Thanks Brad. This grew out of a long FB conversation over David Brooks' recent NYT op-ed "Speaking as a white male ..." https://mobile.nytimes.com/2018/03/22/opinion/speaking-as-a-white-male.html Two FB friends pushed back on Brooks, caricaturing him as a white man who doesn't like being silenced as he clings to power. I got what my friends were saying, but I felt there was more going on than that. What we're seeing with Brooks (as with others in the liberal old guard like Margaret Atwood) is a desire for a kind of civility and truth-seeking that doesn't automatically entail winning or losing in a power game. In other words, he's aspiring to a certain Enlightenment ideal. Identity politics knows better than to countenance that aspiration.

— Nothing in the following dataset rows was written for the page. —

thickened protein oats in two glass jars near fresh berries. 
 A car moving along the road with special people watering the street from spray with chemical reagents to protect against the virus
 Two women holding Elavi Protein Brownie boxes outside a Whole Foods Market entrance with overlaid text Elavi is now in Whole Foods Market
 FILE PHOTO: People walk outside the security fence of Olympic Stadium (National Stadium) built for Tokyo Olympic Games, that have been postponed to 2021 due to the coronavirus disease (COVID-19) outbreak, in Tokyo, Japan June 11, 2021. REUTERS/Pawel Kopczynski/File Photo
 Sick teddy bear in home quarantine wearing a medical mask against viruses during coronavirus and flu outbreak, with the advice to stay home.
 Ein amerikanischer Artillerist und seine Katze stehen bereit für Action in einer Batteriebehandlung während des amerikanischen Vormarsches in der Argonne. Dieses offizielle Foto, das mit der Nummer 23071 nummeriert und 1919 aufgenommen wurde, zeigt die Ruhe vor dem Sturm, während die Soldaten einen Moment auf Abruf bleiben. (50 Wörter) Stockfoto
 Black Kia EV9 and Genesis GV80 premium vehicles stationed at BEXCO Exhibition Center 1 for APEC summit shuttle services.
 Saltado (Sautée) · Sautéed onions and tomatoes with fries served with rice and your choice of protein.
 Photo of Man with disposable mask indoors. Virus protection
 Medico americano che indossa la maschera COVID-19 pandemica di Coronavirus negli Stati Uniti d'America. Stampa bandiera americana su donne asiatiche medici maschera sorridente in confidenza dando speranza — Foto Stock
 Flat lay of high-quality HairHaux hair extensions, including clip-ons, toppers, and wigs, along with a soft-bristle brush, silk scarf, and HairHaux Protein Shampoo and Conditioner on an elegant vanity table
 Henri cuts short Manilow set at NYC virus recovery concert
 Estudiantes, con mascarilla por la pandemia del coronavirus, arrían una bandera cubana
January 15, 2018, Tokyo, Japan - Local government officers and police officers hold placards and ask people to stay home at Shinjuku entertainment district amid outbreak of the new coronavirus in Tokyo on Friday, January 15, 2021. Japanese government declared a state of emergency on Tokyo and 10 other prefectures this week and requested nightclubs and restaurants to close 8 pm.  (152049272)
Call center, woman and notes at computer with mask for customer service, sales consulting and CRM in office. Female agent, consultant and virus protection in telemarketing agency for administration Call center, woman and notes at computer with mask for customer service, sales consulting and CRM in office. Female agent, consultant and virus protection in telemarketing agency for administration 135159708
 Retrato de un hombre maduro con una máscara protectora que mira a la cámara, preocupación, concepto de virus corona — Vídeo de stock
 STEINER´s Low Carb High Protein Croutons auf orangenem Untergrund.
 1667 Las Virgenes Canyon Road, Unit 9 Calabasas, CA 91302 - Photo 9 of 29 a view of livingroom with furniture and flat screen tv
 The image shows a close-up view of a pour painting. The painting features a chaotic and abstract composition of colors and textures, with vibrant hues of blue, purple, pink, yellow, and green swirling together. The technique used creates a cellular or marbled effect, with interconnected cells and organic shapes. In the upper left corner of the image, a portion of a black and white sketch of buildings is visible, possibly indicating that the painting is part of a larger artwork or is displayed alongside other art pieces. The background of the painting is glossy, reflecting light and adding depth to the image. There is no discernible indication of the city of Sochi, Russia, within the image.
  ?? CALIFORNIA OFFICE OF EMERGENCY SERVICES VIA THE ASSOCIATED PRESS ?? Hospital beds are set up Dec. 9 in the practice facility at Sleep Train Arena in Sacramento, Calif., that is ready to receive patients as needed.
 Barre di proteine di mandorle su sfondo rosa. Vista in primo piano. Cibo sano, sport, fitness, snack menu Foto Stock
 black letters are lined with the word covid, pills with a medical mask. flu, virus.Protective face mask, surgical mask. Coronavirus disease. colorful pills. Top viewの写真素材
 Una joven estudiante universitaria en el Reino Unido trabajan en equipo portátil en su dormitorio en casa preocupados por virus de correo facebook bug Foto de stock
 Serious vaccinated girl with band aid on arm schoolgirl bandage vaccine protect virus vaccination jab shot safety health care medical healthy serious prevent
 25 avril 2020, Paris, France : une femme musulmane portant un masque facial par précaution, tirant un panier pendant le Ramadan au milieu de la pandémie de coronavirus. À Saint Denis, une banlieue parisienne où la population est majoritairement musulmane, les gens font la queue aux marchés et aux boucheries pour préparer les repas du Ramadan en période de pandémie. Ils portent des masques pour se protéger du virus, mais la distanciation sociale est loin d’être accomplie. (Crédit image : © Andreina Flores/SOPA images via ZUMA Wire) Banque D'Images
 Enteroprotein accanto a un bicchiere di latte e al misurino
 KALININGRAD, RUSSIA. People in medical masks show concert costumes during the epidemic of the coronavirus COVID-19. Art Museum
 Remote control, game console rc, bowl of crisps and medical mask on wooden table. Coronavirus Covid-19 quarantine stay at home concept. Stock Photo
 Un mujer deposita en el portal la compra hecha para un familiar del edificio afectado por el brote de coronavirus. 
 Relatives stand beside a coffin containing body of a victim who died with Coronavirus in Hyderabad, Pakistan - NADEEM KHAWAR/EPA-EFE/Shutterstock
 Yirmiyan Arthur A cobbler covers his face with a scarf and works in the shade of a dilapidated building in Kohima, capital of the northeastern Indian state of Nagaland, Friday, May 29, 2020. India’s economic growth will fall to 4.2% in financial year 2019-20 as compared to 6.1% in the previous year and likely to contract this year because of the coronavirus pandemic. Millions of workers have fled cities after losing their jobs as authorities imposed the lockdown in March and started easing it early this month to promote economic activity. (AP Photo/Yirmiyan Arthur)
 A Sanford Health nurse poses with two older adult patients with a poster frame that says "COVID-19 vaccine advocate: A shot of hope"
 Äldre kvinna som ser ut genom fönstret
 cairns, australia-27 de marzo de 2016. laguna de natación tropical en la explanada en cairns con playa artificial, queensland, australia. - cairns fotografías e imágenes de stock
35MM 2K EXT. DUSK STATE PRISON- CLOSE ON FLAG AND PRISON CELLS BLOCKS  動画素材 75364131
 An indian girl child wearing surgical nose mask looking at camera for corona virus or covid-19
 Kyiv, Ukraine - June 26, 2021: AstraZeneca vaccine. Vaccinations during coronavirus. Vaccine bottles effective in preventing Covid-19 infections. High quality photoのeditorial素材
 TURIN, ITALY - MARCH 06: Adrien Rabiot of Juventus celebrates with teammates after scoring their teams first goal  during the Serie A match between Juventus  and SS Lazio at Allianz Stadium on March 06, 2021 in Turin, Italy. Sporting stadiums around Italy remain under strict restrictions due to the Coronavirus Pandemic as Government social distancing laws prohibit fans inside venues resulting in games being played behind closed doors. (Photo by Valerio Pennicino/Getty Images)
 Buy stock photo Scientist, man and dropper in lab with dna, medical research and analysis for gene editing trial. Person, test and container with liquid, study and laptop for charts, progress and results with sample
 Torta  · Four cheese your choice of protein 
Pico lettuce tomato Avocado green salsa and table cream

It can see through the hypocrisy of cosmopolitan rationality and its pretension to unity and inclusion. And it is happy to fight fire with fire. Brooks has a serious blind spot in all this, but I don't think he's clinging to power or afraid of losing. In fact, he shows keen sensitivity to issues of discrimination via meritocracy (see https://www.nytimes.com/2017/07/11/opinion/how-we-are-ruining-america.html). I think he's simply lamenting the reduction of reason and civility to identity and power and what that means for public life more generally. And he's doing that while recognizing many of the problems that identity politics seeks to overcome. This led me to consider alternatives from a distinctly Christian perspective.

Brad Jersak

Interesting: One could use Paul's statements here to say he's either in the "all lives matter" camp OR endorsing non-binary erasure. Sean, you're showing us that he's doing something entirely different--the wiser third way, perhaps, if we could only hear him without pre-existing ideological cataracts (I was going to say lenses, but lenses typically clarify more than they blind and obscure). Thanks for writing this.